TURKEY ELECTION UPDATE
In 2023, Turkey encountered several challenges, including an earthquake in February. Despite positive early growth signals, the outlook for the remainder of the year and beyond is uncertain. The Lira (TRY) has remained weak due to President Erdogan’s ongoing monetary policy stance, which has drawn criticism from local and international economists. President Erdogan’s policies have deviated from the conventional belief that higher interest rates combat inflation. A chart depicting interest rates and CPI levels since President Erdogan implemented his monetary policy indicates this deviation. As a result of rising costs of living and loss of savings, citizens have become increasingly frustrated leading up to the election, increasing pressure on President Erdogan.

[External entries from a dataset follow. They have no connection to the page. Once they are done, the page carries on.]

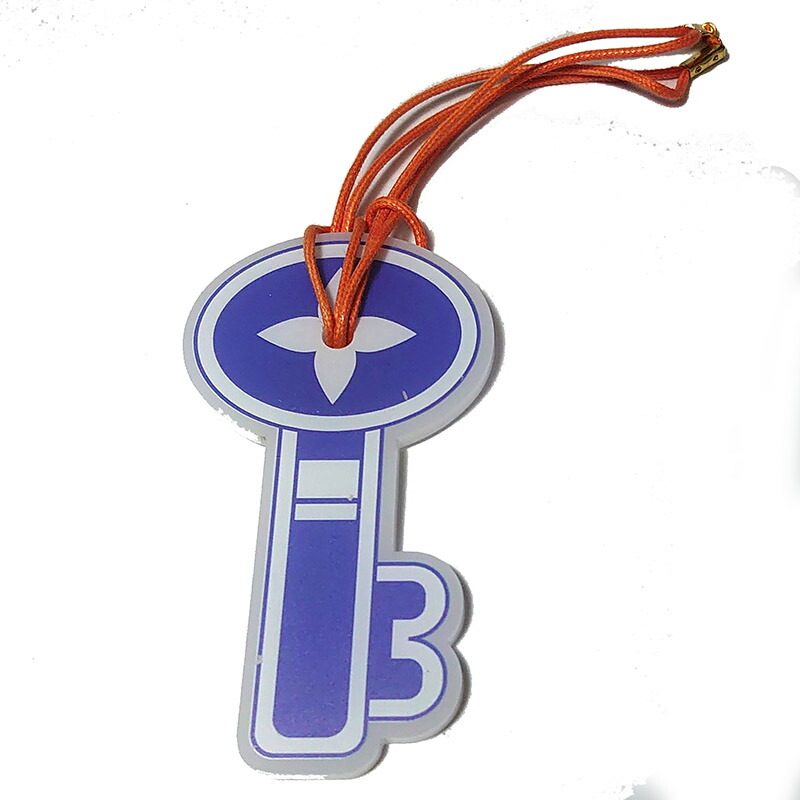 楽天市場】LOUIS VUITTON ルイ ヴィトン 2011年クリスマス限定 ダイス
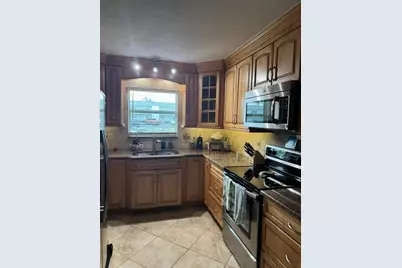 121 Wettaw Lane #115, North Palm Beach, FL 33408 - Photo 20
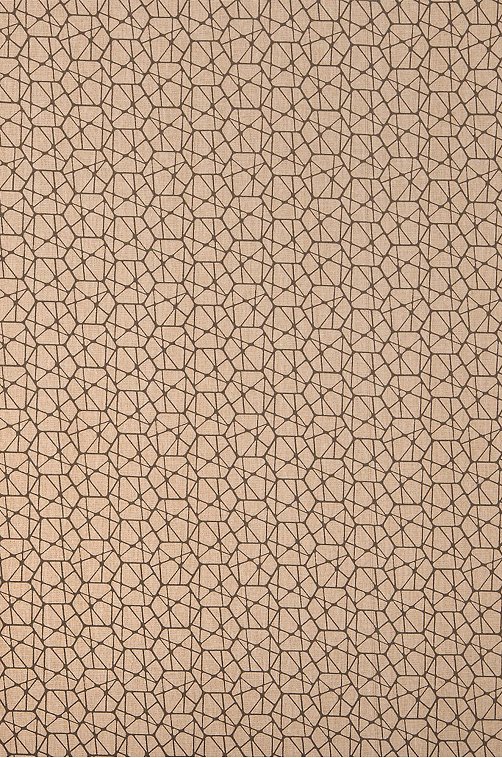 Постельное белье из бязи, 1,5 сп, наволочки 70*70 АртПостель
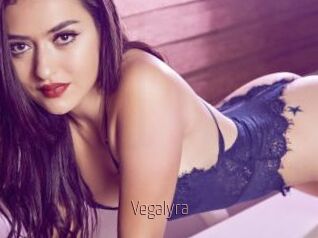 Vegalyra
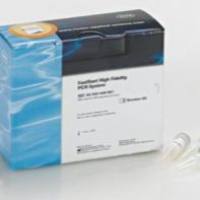 FastStart™ High Fidelity PCR System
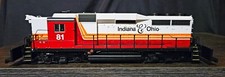 proto 2000 locomotives for sale proto 2000 locomotives for sale Belleville
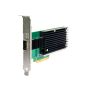 Dell BC5720 1GB 4-poort netwerkkaart thumbnail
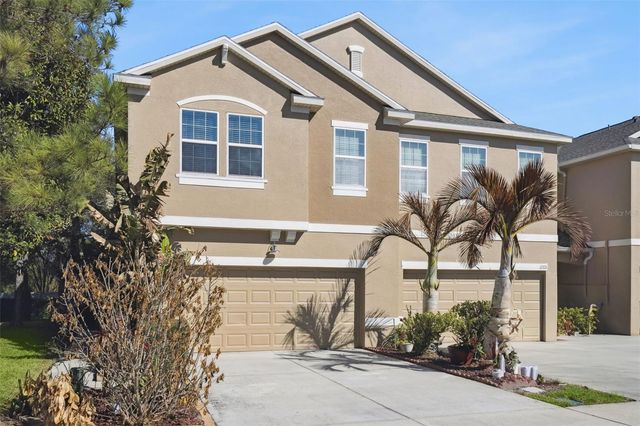 1270 GLENLEIGH DRIVE, Ocoee, FL 34761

The Turkish Election appears to be headed towards a second round as none of the candidates were able to secure 50% of the votes in the initial round. The incumbent President, Recep Tayyip Erdogan, aims to renew his presidential tenure and prolong his almost twenty-year reign in the Turkish political sphere.
As per the latest report by the state-owned media Agency, Anadolu Agency, neither of the candidates has secured a 50% majority in the official election authority, YSK. Consequently, a runoff election is deemed necessary. The current President Erdogan faces a stiff competition from Kemal Kilicdaroglu, who secured approximately 43.12% of the votes and is supported by numerous opposition parties. Mr Kilicdaroglu is a retired civil servant and has been Turkey’s primary opposition for over ten years. He leads the Republican People’s party (CHP) and has successfully led them to significant victories in major cities like Ankara, Istanbul, and Izmir.
ECONOMIC OUTLOOK AND IMPLICATIONS OF THE ELECTIONS
Despite some recent signs of a slowdown, the issue of Turkish inflation has been a significant concern over the past two years. The April YoY figure was 43.4%, down from 50.5% in the previous month, but price pressures remain uncomfortably high. Concerns persist that inflation may increase in the latter half of 2023. These factors have heightened pressure on President Erdogan, as continued reduction in inflation is likely to necessitate a shift towards a considerably stricter monetary policy stance.
Market participants have a primary concern regarding the potential impact of a change in leadership on monetary policy. Mr. Kilicdaroglu, who is running against Erdogan, has pledged to limit parliamentary powers if he were to win the election.
As anticipated, the Turkish Central Bank maintained its interest rates in April. The reason provided by the Central Bank was that the prevailing monetary policy is adequate to facilitate the required revival after the earthquake. Moreover, the Central Bank reaffirmed the importance of maintaining low rates and supportive financial conditions while highlighting its alternative policy instruments and their synchronization with “Liraisation” objectives.
The Central Bank is currently confronted with the arduous responsibility of maintaining stability in the Lira amidst the gradual release of election statistics. The currency markets remain highly volatile, with bond yields experiencing persistent upward pressure, as market participants eagerly anticipate alterations to monetary policy subsequent to the elections.
TECHNICAL OUTLOOK AND FINAL THOUGHTS
The anticipated outcome for the elections is a sustained period of high volatility. Analysis of the price action of USDTRY reveals that the abrupt and volatile movements are difficult to interpret. As there is no clear winner from the elections, any fluctuations in USDTRY leading up to the runoff in two weeks could be attributed to US dollar activity.
The focus of attention and observation should be directed towards the developments surrounding the US in the event of such a circumstance, specifically regarding the raising or suspension of the debt ceiling. As the deadline of June 1 approaches, an increase in volatility and uncertainty can be anticipated, potentially leading to a rise in short-term US yields. The resolution of the debt ceiling debate is expected to have a downward effect on USDTRY; meanwhile, any persistent disagreements and failure to reach a solution would likely maintain support for the US dollar in the short-term.
If the US dollar continues to increase or if the Lira weakens further, an all-time high above the 20.00 mark could be achieved. This is not unlikely given the current price at approximately 19.70 and a daily high of around 19.94. In case USDTRY experiences selling pressure, prices may find support around 19.28, which also coincides with the 50-day MA as a line of downside support.